The input Block Start

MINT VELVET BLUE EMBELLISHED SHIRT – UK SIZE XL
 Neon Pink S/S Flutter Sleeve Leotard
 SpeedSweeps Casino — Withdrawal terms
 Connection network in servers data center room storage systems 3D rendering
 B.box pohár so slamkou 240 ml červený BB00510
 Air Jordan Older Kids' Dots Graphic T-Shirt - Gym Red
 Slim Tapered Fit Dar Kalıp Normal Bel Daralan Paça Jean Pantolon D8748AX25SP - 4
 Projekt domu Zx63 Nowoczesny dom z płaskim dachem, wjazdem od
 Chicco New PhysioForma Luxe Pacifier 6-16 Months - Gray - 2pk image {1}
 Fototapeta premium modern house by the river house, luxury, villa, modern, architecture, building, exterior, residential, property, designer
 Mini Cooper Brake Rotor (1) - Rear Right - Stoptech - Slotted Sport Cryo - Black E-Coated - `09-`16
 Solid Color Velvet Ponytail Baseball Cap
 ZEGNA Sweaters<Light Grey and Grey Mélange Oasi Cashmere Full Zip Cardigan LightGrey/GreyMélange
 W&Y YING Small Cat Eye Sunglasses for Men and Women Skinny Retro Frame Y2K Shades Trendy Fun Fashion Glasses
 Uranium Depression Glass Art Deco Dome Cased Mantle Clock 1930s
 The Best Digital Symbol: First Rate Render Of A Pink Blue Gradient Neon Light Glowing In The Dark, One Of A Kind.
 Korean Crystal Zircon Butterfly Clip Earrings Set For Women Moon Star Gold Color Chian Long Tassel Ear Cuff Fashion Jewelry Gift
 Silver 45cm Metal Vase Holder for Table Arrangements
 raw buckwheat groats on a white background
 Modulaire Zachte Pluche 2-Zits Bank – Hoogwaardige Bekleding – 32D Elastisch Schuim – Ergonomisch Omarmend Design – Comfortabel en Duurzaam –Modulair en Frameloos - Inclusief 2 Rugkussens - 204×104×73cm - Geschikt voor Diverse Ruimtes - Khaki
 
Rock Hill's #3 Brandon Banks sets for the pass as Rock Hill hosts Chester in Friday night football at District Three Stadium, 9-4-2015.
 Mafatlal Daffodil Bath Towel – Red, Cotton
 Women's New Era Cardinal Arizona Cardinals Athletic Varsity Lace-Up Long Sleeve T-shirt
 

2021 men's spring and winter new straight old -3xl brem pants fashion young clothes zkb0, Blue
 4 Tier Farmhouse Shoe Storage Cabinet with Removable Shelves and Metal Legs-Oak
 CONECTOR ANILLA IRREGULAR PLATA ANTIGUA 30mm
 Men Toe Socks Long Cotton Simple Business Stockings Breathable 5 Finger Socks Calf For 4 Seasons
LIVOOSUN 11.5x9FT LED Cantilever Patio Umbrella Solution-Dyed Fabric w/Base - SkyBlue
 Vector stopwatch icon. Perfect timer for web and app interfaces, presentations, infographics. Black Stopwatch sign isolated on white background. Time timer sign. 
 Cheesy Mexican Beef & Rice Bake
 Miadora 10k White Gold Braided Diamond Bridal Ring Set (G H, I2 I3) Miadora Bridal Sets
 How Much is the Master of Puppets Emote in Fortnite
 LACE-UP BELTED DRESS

The input Block End

* [Exercise details] Repeat only the stretch of lines that opens with the line containing "2021 men's spring" and closes with the final line of the entries, both included, exactly as written.

* [Exercise answer]
2021 men's spring and winter new straight old -3xl brem pants fashion young clothes zkb0, Blue
 4 Tier Farmhouse Shoe Storage Cabinet with Removable Shelves and Metal Legs-Oak
 CONECTOR ANILLA IRREGULAR PLATA ANTIGUA 30mm
 Men Toe Socks Long Cotton Simple Business Stockings Breathable 5 Finger Socks Calf For 4 Seasons
LIVOOSUN 11.5x9FT LED Cantilever Patio Umbrella Solution-Dyed Fabric w/Base - SkyBlue
 Vector stopwatch icon. Perfect timer for web and app interfaces, presentations, infographics. Black Stopwatch sign isolated on white background. Time timer sign. 
 Cheesy Mexican Beef & Rice Bake
 Miadora 10k White Gold Braided Diamond Bridal Ring Set (G H, I2 I3) Miadora Bridal Sets
 How Much is the Master of Puppets Emote in Fortnite
 LACE-UP BELTED DRESS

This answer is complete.